11 U.S.C.A. S 330(a) (West Supp. 1999) (emphasis added). Thus, after the 1994 amendment, on the face of the statute the list of persons to whom the court "may award" payments is different from the list of persons to whom the court may provide "reasonable compensation." See 11 U.S.C. S 330(a)(1), (1)(A).

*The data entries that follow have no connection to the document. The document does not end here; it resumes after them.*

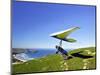 Hang Glider, Otago Peninsula, South Island, New Zealand-David Wall-Mounted Photographic Print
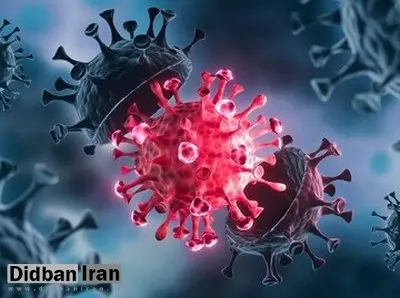 شنیده شدن صدای پای کرونا در جهان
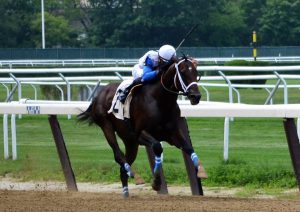 Sticksstatelydude wins a $77,000 allowance race July 15 at Belmont. Photo by Pack Pride Racing.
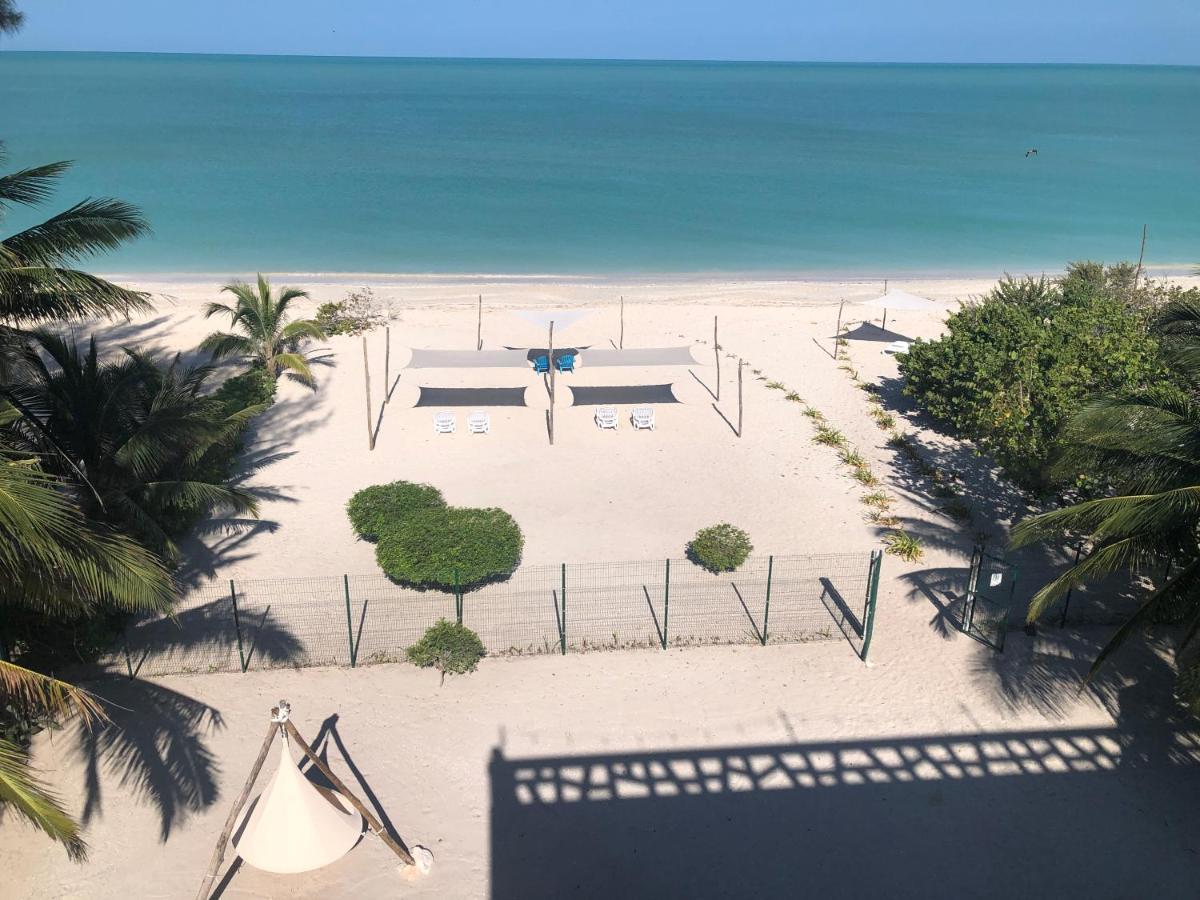 Playa 55 Beach Escape - Adults Only Guesthouse Celestun Dış mekan fotoğraf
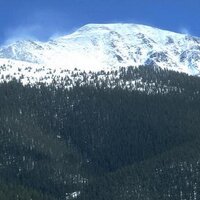 SillyFewl (@sillyfewl) 's Twitter Profile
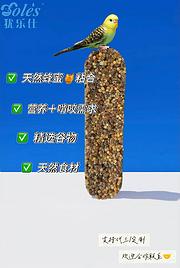 鸟类磨牙棒，异宠谷物能量棒
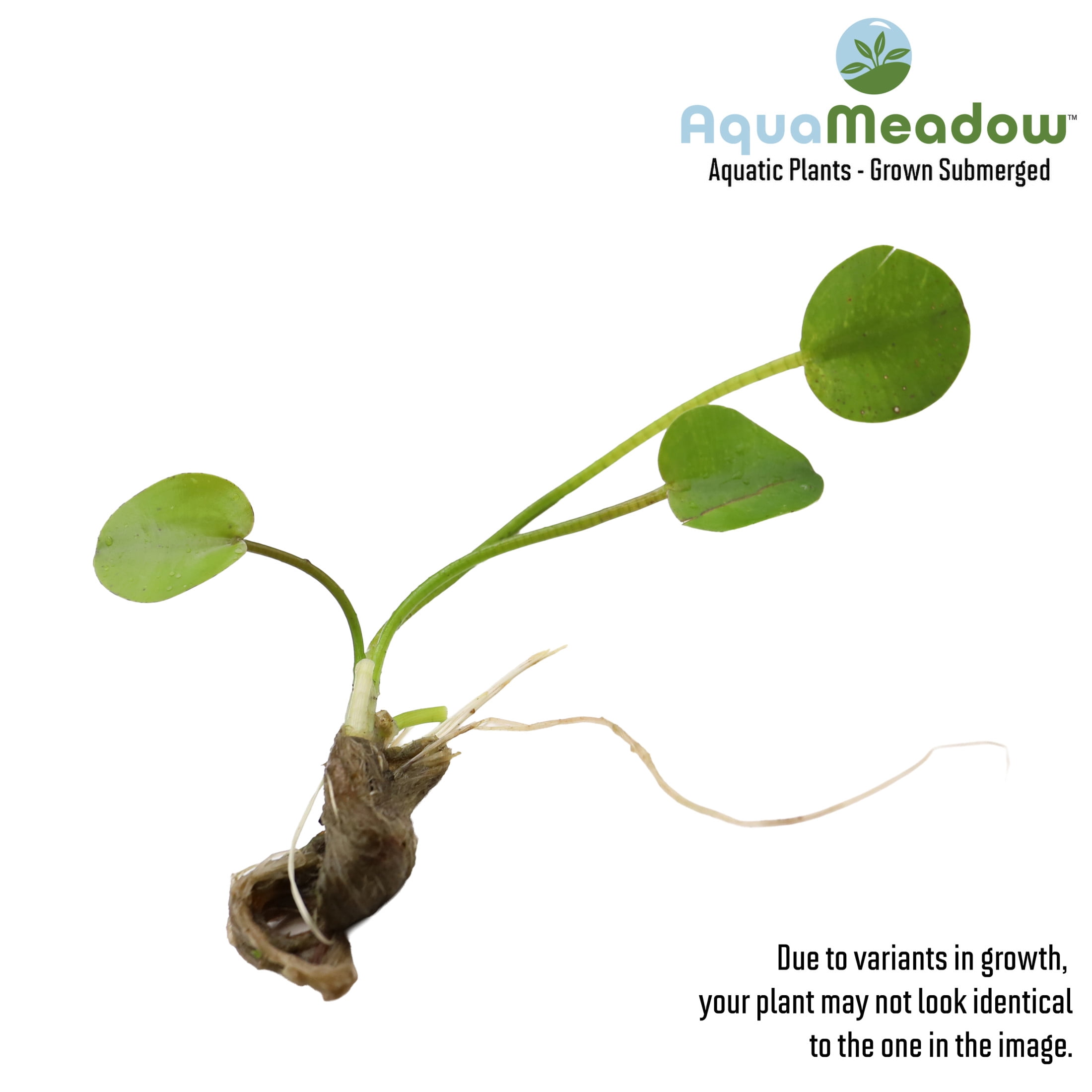 AquaMeadow Water Poppy Surface Plant 3ct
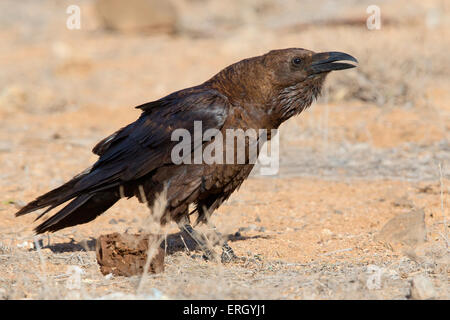 Brown-necked Raven Stock Photo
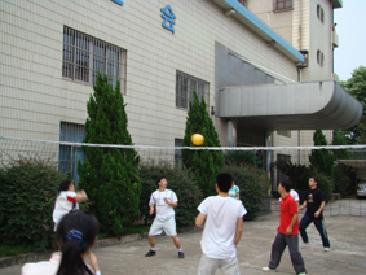 1win第四届排球角逐顺遂落幕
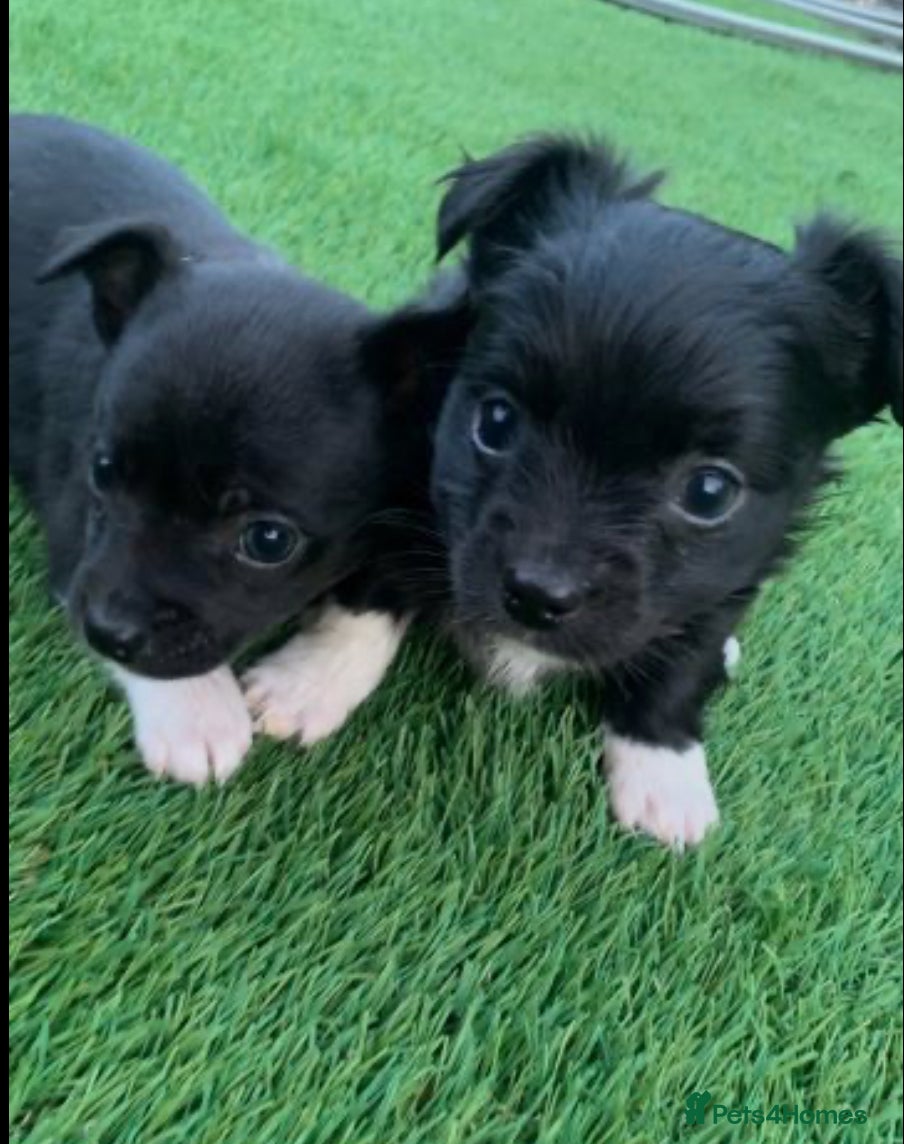 Mixed Breed dogs Chihuahua x Jack Russell puppies - Advert 10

The Second and the Fifth Circuits, as well as several bankruptcy courts, have wrestled with the significance of the Reform Act amendments. The Fifth Circuit and several bankruptcy courts have concluded that the plain language of the Bankruptcy Reform Act unambiguously precludes the award of fees to debtor's attorneys. See Andrews & Kurth L.L.P. v. Family Snacks, Inc. (In re Pro-Snax Distribs., Inc.) , 157 F.3d 414, 425-26 (5th Cir. 1998); In re Fassinger, 191 B.R. 864, 865 (Bankr. D. Ore. 1996); In re Friedland, 182 B.R. 576, 578-79 (Bankr. D. Colo. 1995). Finding the statutory language unambiguous, these courts have either refused to examine the legislative history of the Reform Act altogether, see In re Pro-Snax Distribs., Inc., 157 F.3d at 425-26, or, at the least, have refused to consider the historical evolution of the Bankruptcy Code absent any indication that a literal application of the statute would produce a result demonstrably at odds with the intention of its drafters. See In re Friedland, 182 B.R. at 578. In finding the statutory language unambiguous, however, none of these courts has even mentioned, let alone attempted to explain, the glaring inconsistency in the two listings of eligible persons contained in the single sentence that constitutes S 330(a)(1).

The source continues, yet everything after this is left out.